Exactly the lines from the one containing "My name is Steve" through the one containing "After you fill" in the listing below are to be copied, with the pictures left out.

_Excerpted data_
☆ ☆ ☆
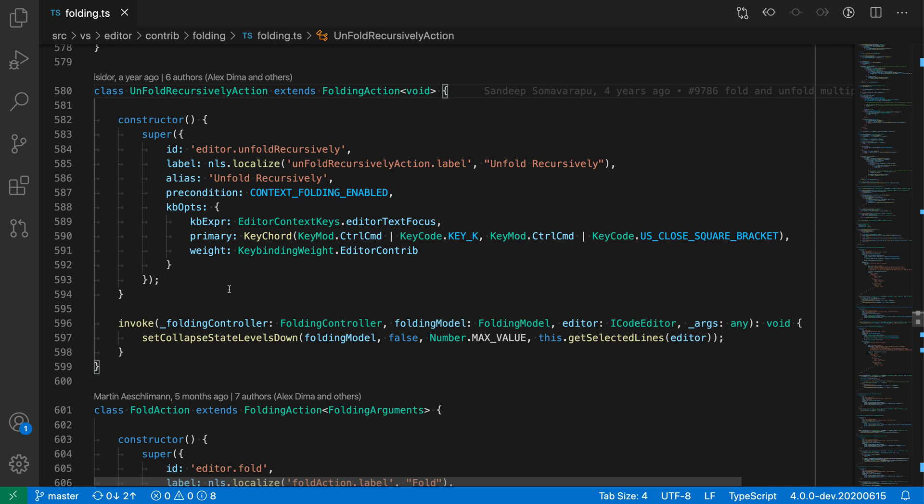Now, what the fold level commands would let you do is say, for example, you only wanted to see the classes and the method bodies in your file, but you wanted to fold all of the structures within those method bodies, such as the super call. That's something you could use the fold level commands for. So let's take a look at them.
☆ ☆ ☆
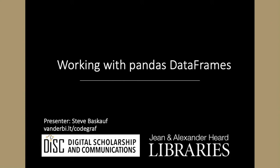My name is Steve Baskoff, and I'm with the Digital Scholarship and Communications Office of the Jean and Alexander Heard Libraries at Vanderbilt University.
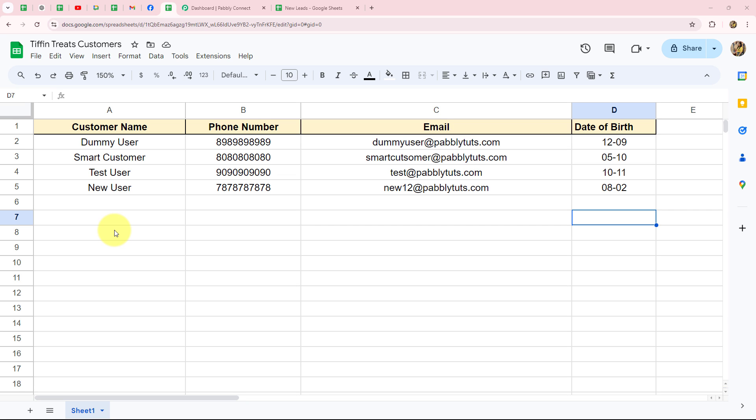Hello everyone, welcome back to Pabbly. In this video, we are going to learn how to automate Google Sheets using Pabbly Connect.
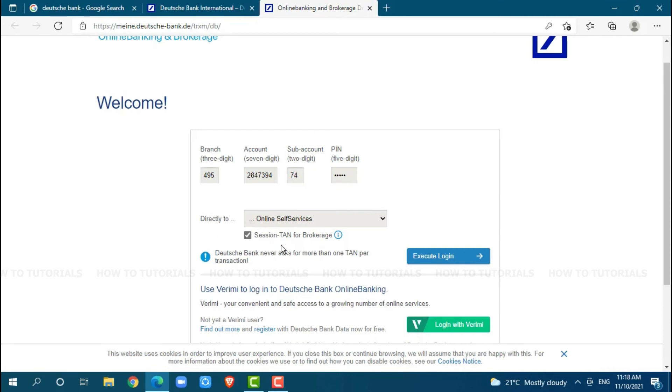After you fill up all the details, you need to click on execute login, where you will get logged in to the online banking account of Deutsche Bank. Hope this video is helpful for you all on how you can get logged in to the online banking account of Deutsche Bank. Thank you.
☆ ☆ ☆
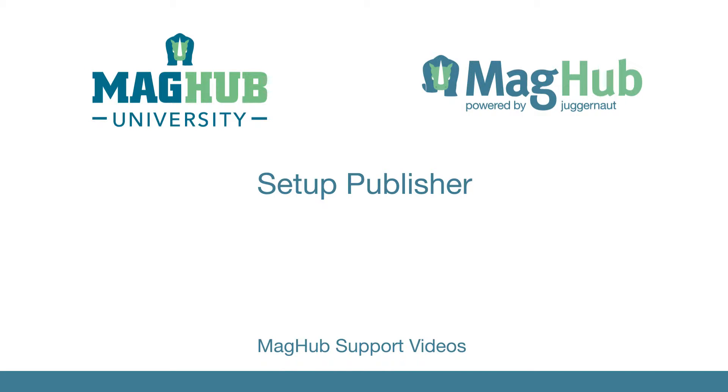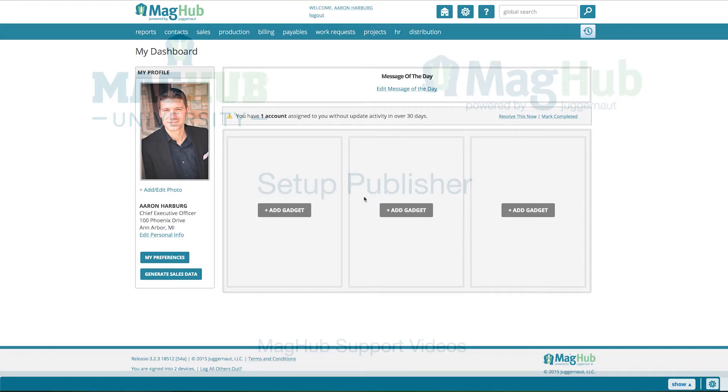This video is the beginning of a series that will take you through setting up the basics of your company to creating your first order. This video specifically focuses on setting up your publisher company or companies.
☆ ☆ ☆
_Worked solution_
My name is Steve Baskoff, and I'm with the Digital Scholarship and Communications Office of the Jean and Alexander Heard Libraries at Vanderbilt University.
Hello everyone, welcome back to Pabbly. In this video, we are going to learn how to automate Google Sheets using Pabbly Connect.
After you fill up all the details, you need to click on execute login, where you will get logged in to the online banking account of Deutsche Bank. Hope this video is helpful for you all on how you can get logged in to the online banking account of Deutsche Bank. Thank you.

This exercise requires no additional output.